TEMPO Interaktif, Jakarta - PT Semen Gresik (Persero) Tbk sedang berfokus memangkas pengeluaran biaya energi. Langkah itu dilakukan karena total pengeluaran biaya energi terhitung tinggi, sekitar 38 persen dari beban pokok pendapatan. "Sejak tiga tahun lalu kami menyiapkan tahapan untuk mengatasi ancaman energi," kata Direktur Utama Semen Gresik Dwi Soetjipto, akhir pekan lalu.

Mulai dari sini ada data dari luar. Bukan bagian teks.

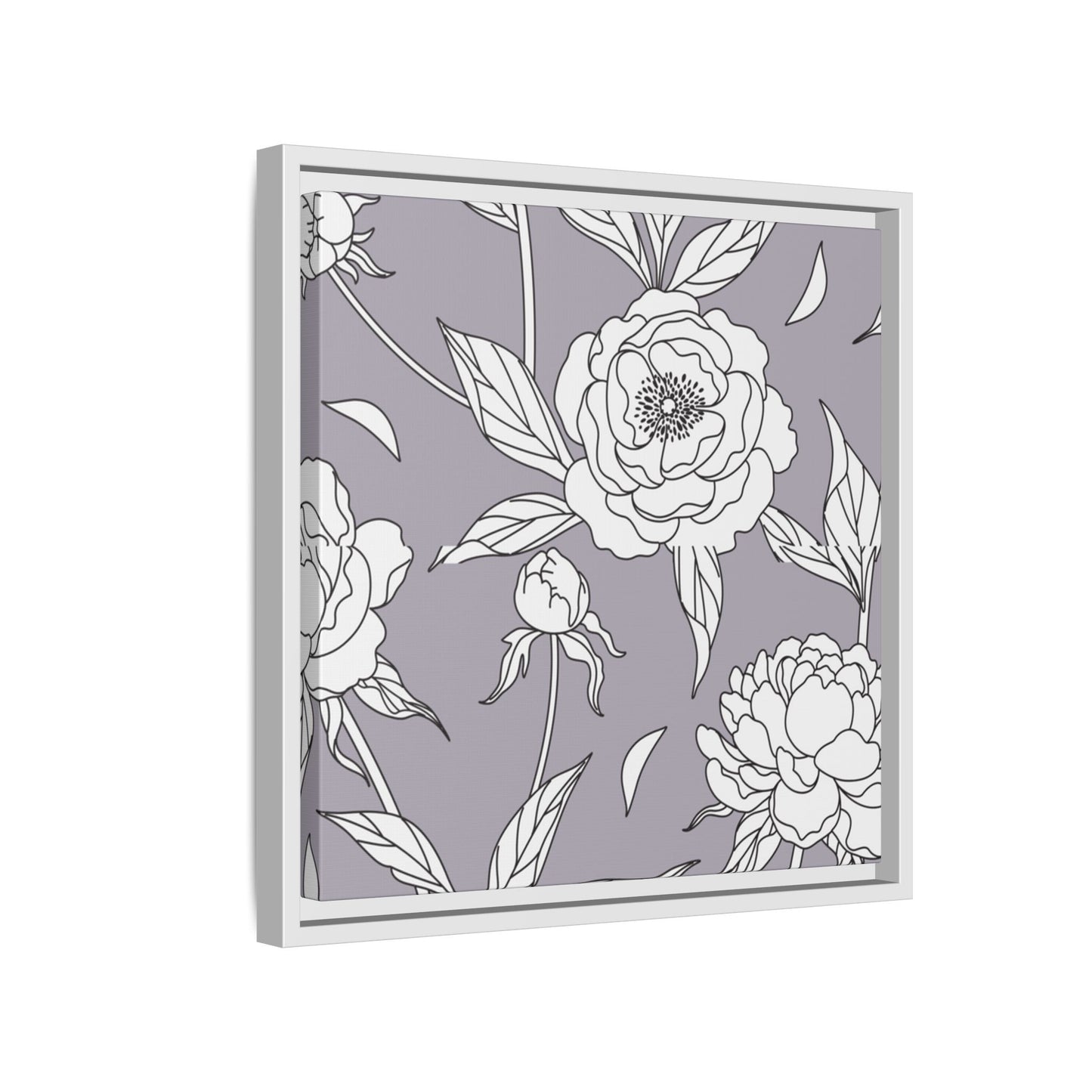 Floral Matte Canvas, White Wooden Framed, Bathroom Decor, Matching Shower Curtain Available, purplegray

Total konsumsi batu bara perseroan tahun lalu sekitar 2,77 juta ton, atau turun 1,19 persen ketimbang tahun sebelumnya, 2,8 juta ton. Penurunan konsumsi batu bara dipengaruhi merosotnya produksi clinker sebesar 2,91 persen dibanding tahun sebelumnya. Sementara itu, kebutuhan listrik justru naik menjadi 1,77 megawatt dari konsumsi 1,74 juta MW tahun sebelumnya.
Salah satu strategi mengurangi biaya energi dengan peralihan penggunaan batu bara kalori tinggi ke kalori rendah. Peralihan itu akan menambah volume kebutuhan batu bara sekitar 18 persen. Namun tetap ada efisiensi biaya sekitar 7 persen karena harga batu bara berkalori rendah lebih murah. "Pada 2013, kami berharap semua unit produksi menggunakan batu bara kalori rendah," kata Dwi.
Menurut Direktur Keuangan Semen Gresik Ahyanizzaman, selain batu bara dan listrik, perseroan sedang mengincar penghematan penggunaan bahan bakar minyak. Saat ini porsi biaya BBM dari total biaya pengangkutan 20-30 persen. Jika ada peningkatan harga sekitar 10 persen, porsi biaya BBM dalam total biaya pengangkutan diperkirakan meningkat 2-3 persen.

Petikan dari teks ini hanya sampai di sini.